Colleges and Universities, degree-granting institutions of higher education. In the original sense of the word, a college was a group of students who gathered to share academic and residential facilities. Each college was a component part of a corporate body called a university, the word being an abbreviation of the Latin universitas magistrorum et scholarium (“guild [or union] of masters and students”), organized for mutual advantage and legal protection. Today, a college may be affiliated with a university or independent.

In some universities, particularly European institutions, students begin their higher education with specialized studies because their general education is completed in secondary school. In general, European universities have no prescribed courses, attendance requirements, or course grades. Students may attend lectures, but do their work directly with tutors who prepare them for examinations. Programmes may be completed in two to six years, usually split into three terms. In the United States, students are traditionally required to take general survey courses before they specialize in major areas of concentration; the undergraduate programme generally lasts four years, with each year split into two or three semesters.
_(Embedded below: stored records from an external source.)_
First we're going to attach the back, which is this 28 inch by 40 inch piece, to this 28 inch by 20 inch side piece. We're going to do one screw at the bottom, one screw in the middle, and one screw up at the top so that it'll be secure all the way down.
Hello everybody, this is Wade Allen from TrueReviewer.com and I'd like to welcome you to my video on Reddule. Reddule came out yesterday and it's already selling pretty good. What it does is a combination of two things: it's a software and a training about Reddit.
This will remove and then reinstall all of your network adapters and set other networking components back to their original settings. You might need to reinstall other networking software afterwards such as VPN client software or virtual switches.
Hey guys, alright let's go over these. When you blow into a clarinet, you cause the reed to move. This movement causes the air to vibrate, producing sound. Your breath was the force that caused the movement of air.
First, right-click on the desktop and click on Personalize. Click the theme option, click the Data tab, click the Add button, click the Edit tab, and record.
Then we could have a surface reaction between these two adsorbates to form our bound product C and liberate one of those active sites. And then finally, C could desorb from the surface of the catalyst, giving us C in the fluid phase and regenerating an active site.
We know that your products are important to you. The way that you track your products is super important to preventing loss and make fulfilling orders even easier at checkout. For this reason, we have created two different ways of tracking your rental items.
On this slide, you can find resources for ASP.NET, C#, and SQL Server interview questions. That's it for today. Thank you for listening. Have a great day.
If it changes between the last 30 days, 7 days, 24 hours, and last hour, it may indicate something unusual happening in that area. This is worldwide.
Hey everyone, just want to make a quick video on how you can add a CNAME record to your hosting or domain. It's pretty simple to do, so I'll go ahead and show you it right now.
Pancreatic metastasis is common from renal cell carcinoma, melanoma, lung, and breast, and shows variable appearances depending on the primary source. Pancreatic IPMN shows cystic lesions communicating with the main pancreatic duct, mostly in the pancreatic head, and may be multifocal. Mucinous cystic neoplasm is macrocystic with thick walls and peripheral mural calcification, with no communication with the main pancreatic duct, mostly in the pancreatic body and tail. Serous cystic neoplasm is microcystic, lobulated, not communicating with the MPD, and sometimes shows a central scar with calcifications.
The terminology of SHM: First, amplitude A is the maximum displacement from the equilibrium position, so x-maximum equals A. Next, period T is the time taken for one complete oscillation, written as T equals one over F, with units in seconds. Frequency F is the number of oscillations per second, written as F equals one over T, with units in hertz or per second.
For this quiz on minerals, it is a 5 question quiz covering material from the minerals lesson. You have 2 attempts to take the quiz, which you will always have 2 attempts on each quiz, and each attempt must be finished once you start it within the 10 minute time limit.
Typical first degrees include the Bachelor of Arts (B.A.) and Bachelor of Science (B.Sc. or B.S.) degree, while those who want additional education may enrol in programmes leading to a Master of Arts (M.A., occasionally a first degree, as in some Scottish universities) or a Doctor of Philosophy (Ph.D.) degree.

II

Development of Colleges and Universities

Although modern colleges and universities evolved from Western European institutions of the Middle Ages, significant types of higher learning existed in ancient times, in the Middle and Far East as well as in Europe. Some of these Eastern institutions still flourish.

A

Historical Antecedents

In Greece, the Academy of Plato and the Lyceum of Aristotle were advanced schools of philosophy. During the Hellenistic period, which began in the 4th century bc, Athens attracted many Roman students, including, later, the statesmen and writers Julius Caesar, Cicero, Augustus, and Horace. Also important during this period was the Egyptian city of Alexandria, with its great library (see Alexandria, Library of) and museum, which attracted scholars from the Middle East. The Jewish academies in Palestine and Babylonia, which produced the Talmud, promoted religious and secular intellectual pursuits from about ad 70 through to the 13th century. The University of Nalanda, in northern India, where native and Chinese students studied Buddhism, functioned until the 12th century. Institutions of higher education flourished in China itself from the 7th century onwards, and in Korea from the 14th century. Al-Azhar University in Cairo, now more than 1,000 years old, is the central authority for Islam. Another Islamic institution of equal antiquity is Al Qarawiyin University in Fès, Morocco.

B

Medieval Universities

Western European universities developed as students migrated to various places where noted teachers lectured on subjects of particular interest to them. Language was no barrier because lectures and disputation were conducted in the universal tongue, Latin. By the 12th century, Paris was established as the centre for theology and philosophy, and the University of Paris became the model for later universities in northern Europe. Bologna, Italy, was the centre for the study of law, and the University of Bologna set the pattern for Italian and Spanish universities. From the 13th century onwards, universities were established in France, England, Scotland, Germany, Bohemia, and Poland. Students migrating from the same country banded together into so-called nations for mutual aid and protection. From these communities developed the concept of the college (Latin, collegium,”society”). Medieval universities had the right to suspend studies when conditions in their towns and cities were unfavourable and to confer degrees that included the privilege of teaching in any Christian country.